SOURCE MATERIAL:
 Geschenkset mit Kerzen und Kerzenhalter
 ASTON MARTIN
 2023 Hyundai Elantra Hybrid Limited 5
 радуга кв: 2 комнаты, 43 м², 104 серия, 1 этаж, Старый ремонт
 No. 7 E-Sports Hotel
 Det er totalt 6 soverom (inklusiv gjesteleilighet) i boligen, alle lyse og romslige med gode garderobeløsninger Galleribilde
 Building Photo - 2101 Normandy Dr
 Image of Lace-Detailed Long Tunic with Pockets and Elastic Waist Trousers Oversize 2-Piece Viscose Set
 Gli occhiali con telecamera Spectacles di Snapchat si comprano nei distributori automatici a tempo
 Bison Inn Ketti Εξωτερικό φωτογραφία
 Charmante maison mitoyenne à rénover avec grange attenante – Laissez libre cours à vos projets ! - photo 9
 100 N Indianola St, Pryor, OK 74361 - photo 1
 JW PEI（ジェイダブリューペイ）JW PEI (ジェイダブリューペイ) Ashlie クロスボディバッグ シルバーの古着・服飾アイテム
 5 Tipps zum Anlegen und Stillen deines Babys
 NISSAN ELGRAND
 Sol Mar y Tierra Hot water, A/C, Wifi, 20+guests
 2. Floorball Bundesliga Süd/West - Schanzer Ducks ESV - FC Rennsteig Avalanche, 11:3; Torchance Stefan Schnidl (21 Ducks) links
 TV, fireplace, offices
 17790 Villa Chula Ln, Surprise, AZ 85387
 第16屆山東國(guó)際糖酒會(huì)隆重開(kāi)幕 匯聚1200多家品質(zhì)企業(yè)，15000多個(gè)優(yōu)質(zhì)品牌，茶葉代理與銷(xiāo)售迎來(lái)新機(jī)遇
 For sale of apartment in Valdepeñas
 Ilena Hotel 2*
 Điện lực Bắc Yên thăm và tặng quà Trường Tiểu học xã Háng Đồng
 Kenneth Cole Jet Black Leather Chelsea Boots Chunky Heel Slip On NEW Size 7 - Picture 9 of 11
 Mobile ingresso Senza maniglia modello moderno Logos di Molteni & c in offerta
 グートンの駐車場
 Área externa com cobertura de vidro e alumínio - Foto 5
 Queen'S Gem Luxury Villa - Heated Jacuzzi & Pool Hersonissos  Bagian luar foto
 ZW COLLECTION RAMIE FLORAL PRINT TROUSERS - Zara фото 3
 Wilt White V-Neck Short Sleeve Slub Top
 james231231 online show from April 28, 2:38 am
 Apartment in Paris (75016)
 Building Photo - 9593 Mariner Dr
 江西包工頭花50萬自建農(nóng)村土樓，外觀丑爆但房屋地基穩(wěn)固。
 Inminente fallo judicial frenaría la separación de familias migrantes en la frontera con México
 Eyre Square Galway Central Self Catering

EXERCISE DIRECTIONS: Exactly the lines from the one containing "For sale of apartment in Valdepeñas" through the end of the records above are to be printed, and no others.

RESPONSE FOR THIS EXERCISE:
 For sale of apartment in Valdepeñas
 Ilena Hotel 2*
 Điện lực Bắc Yên thăm và tặng quà Trường Tiểu học xã Háng Đồng
 Kenneth Cole Jet Black Leather Chelsea Boots Chunky Heel Slip On NEW Size 7 - Picture 9 of 11
 Mobile ingresso Senza maniglia modello moderno Logos di Molteni & c in offerta
 グートンの駐車場
 Área externa com cobertura de vidro e alumínio - Foto 5
 Queen'S Gem Luxury Villa - Heated Jacuzzi & Pool Hersonissos  Bagian luar foto
 ZW COLLECTION RAMIE FLORAL PRINT TROUSERS - Zara фото 3
 Wilt White V-Neck Short Sleeve Slub Top
 james231231 online show from April 28, 2:38 am
 Apartment in Paris (75016)
 Building Photo - 9593 Mariner Dr
 江西包工頭花50萬自建農(nóng)村土樓，外觀丑爆但房屋地基穩(wěn)固。
 Inminente fallo judicial frenaría la separación de familias migrantes en la frontera con México
 Eyre Square Galway Central Self Catering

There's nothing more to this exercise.